I AM ALIVE, UNFLINCHINGLY
I have really been vegetating this Saturday. I have not yet deigned to open my
door, or do anything more than list to NPR (it has been
A LONG TIME since I have had an NPR Saturday, which is neither good nor bad, it
just is). Also, I have been
Facebooking and it was a post on there that I found a spark of inspiration to
write about.
Overall I am doing very well. From the superficial, mainly in the form of a
boomin’ haircut by my girl Frankie the Barbette, to the more material and
meaningful, getting ready for school the week after next as well as my working
a full schedule, I have no complaints about where I am at or where I am
going. So I am just expressing myself
and “there is nothing to see, keep moving folks,” as on Face Book there was a
haunting tale of a woman and my takeaway from it, or one of them, was that her
mistakes in life did not invalidate her worth as a human being.
Domestic violence is an insidious creation in human
society. No matter how advanced or
supposedly evolved a people claim to be, the relics of superstition and sexism
still haunts how its men and women relate to one another. As I read the story, “Explicit Violence”, I
sat reading through it and struggling to keep myself from identifying with the
character and the feelings of déjà vu that were attached to her situation. I have always told myself that I cannot make
a full “claim” to any of the victimizations that are seem to be so common
today. There is no way in good conscious
I feel I can make the claim of being raised in a single-parent home, fatherless
and directionless, because my Mother worked super hard at making sure that we
did not feel as if we were “missing” anything; beside I did know and have a
father and to me that was that.
When it comes to observing classic domestic violence, there
was maybe one episode, and then I guess it was remembered that my Mom was the
youngest of 13, and there were several brothers who were BIG BROTHERS available
for her to call on.
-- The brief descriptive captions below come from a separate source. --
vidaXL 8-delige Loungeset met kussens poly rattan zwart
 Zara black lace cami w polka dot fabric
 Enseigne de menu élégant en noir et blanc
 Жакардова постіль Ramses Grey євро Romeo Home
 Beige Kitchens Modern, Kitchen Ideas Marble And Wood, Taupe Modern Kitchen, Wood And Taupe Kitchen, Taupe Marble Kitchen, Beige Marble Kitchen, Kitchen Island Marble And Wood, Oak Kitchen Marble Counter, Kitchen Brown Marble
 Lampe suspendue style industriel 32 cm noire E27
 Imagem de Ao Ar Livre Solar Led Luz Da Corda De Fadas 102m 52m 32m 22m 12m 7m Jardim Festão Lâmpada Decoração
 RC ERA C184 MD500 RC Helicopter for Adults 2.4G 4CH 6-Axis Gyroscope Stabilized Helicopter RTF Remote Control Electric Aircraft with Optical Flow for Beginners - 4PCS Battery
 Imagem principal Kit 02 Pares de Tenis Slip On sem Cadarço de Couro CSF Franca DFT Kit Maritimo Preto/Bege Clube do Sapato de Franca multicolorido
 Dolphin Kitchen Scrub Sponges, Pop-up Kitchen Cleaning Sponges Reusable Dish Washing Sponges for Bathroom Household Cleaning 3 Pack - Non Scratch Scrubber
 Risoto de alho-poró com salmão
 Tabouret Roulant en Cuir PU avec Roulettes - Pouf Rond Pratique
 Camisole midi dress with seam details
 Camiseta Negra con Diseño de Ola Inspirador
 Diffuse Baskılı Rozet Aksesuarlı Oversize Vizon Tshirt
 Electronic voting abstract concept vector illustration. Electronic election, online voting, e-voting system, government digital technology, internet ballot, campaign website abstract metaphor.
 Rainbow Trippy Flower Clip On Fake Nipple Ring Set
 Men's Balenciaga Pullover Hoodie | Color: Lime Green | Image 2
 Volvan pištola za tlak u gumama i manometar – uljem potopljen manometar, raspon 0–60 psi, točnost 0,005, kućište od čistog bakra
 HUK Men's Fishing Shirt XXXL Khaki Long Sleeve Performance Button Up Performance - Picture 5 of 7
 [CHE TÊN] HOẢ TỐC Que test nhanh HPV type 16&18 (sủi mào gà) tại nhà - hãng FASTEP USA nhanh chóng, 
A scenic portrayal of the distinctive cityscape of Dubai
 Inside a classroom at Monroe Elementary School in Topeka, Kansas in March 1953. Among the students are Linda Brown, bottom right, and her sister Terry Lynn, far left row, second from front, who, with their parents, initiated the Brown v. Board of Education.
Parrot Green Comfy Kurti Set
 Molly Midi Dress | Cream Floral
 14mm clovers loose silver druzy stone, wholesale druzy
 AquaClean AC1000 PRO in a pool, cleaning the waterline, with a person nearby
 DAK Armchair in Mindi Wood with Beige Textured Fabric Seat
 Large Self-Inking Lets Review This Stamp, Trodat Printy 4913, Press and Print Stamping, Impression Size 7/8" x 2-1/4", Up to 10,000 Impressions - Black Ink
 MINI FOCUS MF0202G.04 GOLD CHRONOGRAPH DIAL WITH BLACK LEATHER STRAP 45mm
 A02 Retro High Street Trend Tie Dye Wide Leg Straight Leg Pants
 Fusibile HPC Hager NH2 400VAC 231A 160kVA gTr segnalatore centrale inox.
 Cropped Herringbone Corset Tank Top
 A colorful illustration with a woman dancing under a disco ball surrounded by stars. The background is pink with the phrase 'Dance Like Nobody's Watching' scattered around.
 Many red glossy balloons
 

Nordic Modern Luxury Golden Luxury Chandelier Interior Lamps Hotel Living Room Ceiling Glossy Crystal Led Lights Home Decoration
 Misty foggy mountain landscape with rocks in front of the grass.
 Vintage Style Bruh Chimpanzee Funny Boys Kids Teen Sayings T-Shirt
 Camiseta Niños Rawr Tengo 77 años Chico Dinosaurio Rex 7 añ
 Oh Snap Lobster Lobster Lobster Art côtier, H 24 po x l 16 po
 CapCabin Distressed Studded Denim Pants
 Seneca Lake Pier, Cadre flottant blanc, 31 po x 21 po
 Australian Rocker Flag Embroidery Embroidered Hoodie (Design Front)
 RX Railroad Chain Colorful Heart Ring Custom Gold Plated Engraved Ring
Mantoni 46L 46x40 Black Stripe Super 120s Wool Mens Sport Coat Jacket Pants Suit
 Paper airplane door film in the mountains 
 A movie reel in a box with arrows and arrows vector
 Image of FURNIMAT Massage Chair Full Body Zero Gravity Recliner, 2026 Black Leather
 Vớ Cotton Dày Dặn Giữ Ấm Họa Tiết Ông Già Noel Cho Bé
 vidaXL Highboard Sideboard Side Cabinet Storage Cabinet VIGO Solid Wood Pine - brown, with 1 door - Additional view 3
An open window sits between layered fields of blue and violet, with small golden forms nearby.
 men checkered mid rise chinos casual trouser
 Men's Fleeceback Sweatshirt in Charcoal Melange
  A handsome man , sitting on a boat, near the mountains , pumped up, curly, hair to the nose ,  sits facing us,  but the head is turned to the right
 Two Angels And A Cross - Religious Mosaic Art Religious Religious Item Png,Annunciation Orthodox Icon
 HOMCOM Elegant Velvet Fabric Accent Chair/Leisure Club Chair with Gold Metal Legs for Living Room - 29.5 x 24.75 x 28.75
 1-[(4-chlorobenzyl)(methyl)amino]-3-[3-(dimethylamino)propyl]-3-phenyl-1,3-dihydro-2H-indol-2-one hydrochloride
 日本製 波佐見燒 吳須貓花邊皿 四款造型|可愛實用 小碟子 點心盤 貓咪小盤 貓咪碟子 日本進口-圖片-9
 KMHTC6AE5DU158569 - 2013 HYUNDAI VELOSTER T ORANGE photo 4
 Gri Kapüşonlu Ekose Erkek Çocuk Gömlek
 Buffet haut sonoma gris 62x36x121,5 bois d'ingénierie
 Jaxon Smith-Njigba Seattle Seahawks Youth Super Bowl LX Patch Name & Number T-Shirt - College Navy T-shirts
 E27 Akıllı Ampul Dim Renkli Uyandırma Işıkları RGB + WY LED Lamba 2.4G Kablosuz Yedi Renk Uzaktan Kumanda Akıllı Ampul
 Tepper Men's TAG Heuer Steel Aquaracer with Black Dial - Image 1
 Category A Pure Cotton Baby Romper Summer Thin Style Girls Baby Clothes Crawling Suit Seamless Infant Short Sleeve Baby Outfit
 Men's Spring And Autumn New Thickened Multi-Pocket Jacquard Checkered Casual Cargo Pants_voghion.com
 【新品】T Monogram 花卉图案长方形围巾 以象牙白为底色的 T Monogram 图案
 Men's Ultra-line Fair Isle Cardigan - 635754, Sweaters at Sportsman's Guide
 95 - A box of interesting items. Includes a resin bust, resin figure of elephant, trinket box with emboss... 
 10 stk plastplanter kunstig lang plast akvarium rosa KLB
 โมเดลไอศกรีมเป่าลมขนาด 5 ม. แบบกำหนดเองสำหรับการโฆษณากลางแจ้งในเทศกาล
So most of my
exposure to men striking women was like so many of my social commentaries,
based on observation and not experience.
When we lived in the 48235 a cousin of mine had a girlfriend
who lived four blocks east from us. They
were in their teens, smoking weed together and drinking the occasional malt
liquor in the basement. But another
thing I can remember is his beating on her even as she tried to “love” him as
best as a child could love someone.
Whether it was verbally or physically, the abuse seemed to be codified
between them as she would wonder where “her man” was and she would call looking
for him. Eventually, after her
unsuccessful tracking efforts, he would come home and the two of them would
scuffle, presaging their crappy adulthood that was then yet-to-be.
Seeing the two of them interact seemed more as I was even
further removed from them, as though I was behind a third wall separating them
from any reality that I could have conceived as a young boy. It was like there was a disembodied voice
describing their association much the same way that sports announcers detail
the events that are taking place. And
though the each moment was spontaneous, it was also predicated on the
obvious. In the 70’s there was a method
to relationships that was, though changing, still based in the chauvinism of
the thousand of centuries that it took to allow women to have civil rights and
for them to emerge from the status of chattel, despite slavery having ended in
the United States hundreds of years prior.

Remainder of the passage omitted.